*EXERCISE GOAL*:
Print each record exactly as it appears, but drop the images.

Segment Open

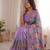  viscose crunchy silk blend saree with floral embroidery fancy lace border & swarovski diamond work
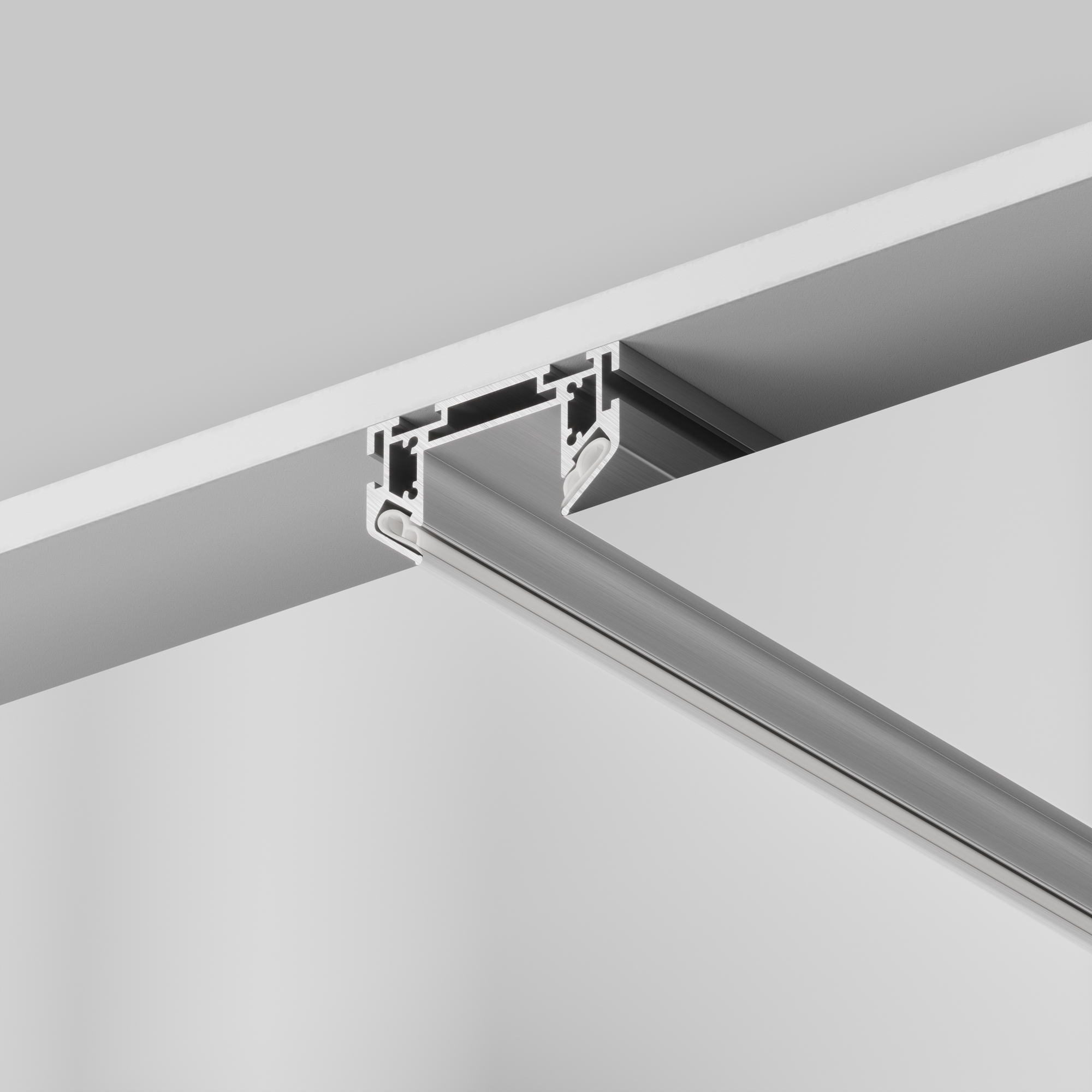 Профиль для монтажа Unity в натяжной ПВХ потолок, 2м, TRA001MP-112S алюминиевый профиль ниши скрытого монтажа в натяжной потолок 99x140 alm 9940 sc b 2m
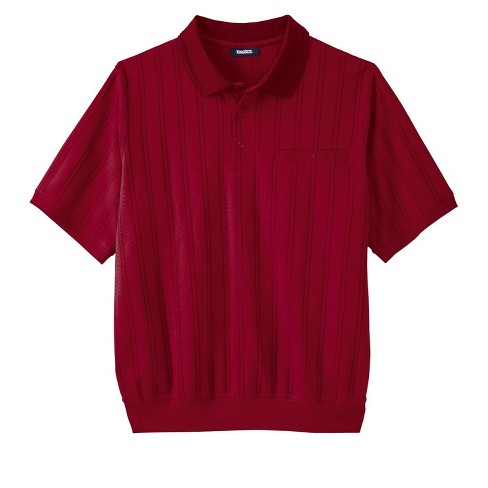 Kingsize Men's Big & Tall Waffle-knit Thermal Waffle Henley Tee - Tall - L,  Rich Burgundy Red Long Underwear Top : Target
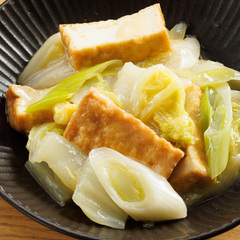 やさしい味わい 厚揚げと白菜のとろとろ煮
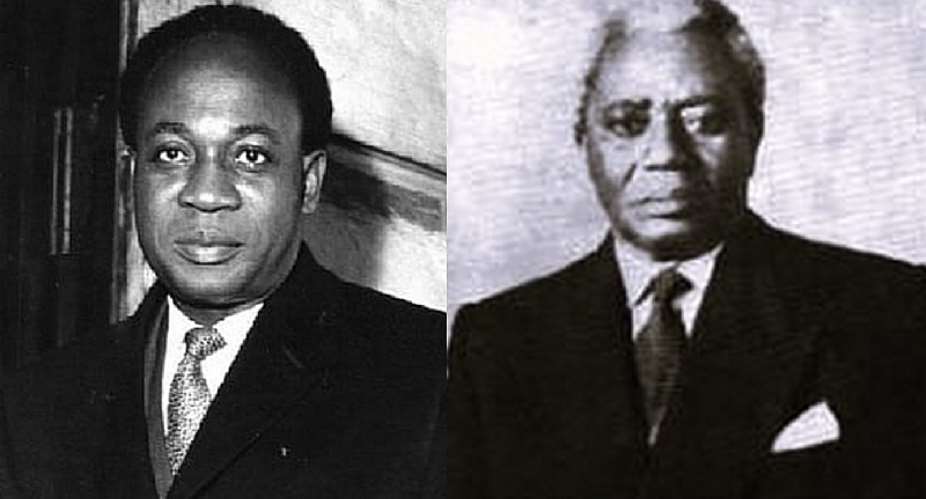 President Kwame Nkrumah and Dr. J B Danquah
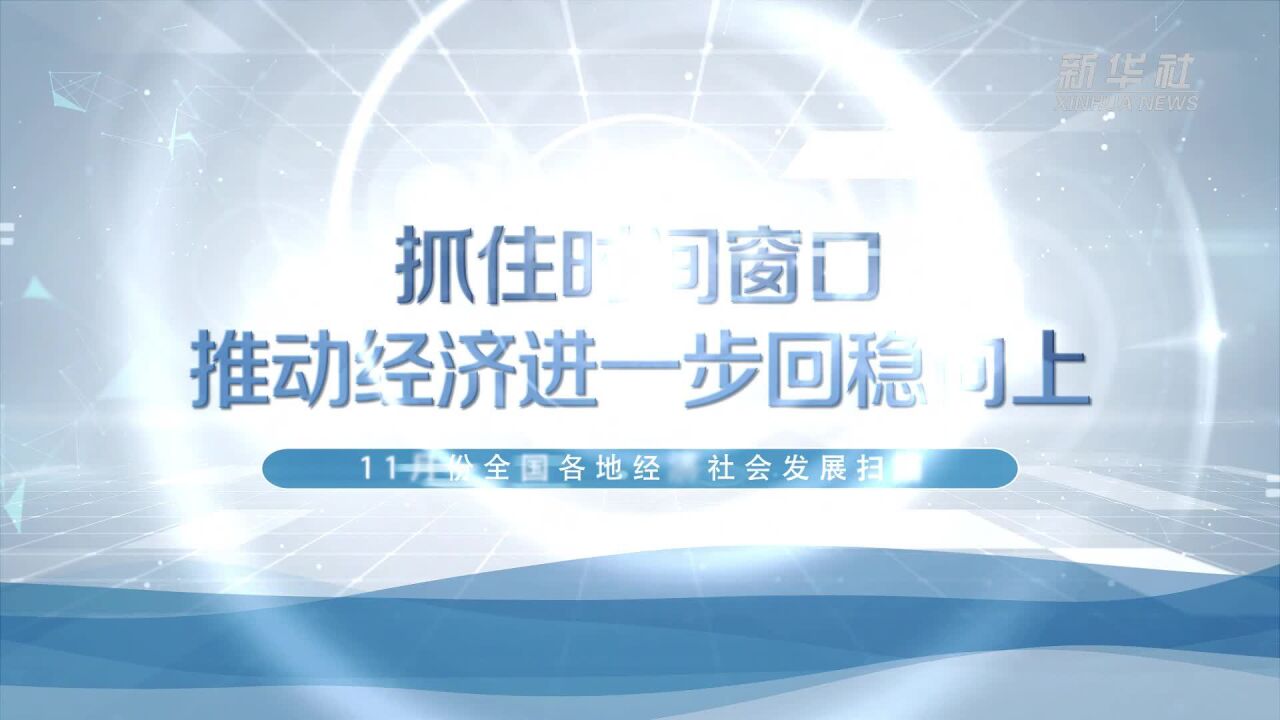 抓住时间窗口 推动经济进一步回稳向上——11月份全国各地经济社会发展扫描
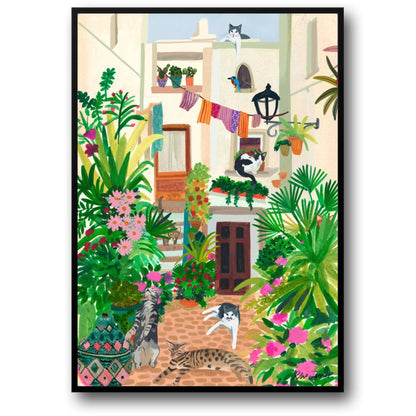 abstract india landscape poster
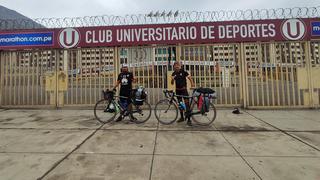 ¡Hinchas sin fronteras! Seguidores del Santa Fe llegaron hasta Lima en bicicleta 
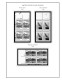 US 1990-1999 PLATE BLOCKS STAMP ALBUM PAGES (119 B&w Illustrated Pages) - English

Segment Closed

*WRITTEN ANSWER*:
  viscose crunchy silk blend saree with floral embroidery fancy lace border & swarovski diamond work
 Профиль для монтажа Unity в натяжной ПВХ потолок, 2м, TRA001MP-112S алюминиевый профиль ниши скрытого монтажа в натяжной потолок 99x140 alm 9940 sc b 2m
 Kingsize Men's Big & Tall Waffle-knit Thermal Waffle Henley Tee - Tall - L,  Rich Burgundy Red Long Underwear Top : Target
 やさしい味わい 厚揚げと白菜のとろとろ煮
 President Kwame Nkrumah and Dr. J B Danquah
 抓住时间窗口 推动经济进一步回稳向上——11月份全国各地经济社会发展扫描
 abstract india landscape poster
 ¡Hinchas sin fronteras! Seguidores del Santa Fe llegaron hasta Lima en bicicleta 
 US 1990-1999 PLATE BLOCKS STAMP ALBUM PAGES (119 B&w Illustrated Pages) - English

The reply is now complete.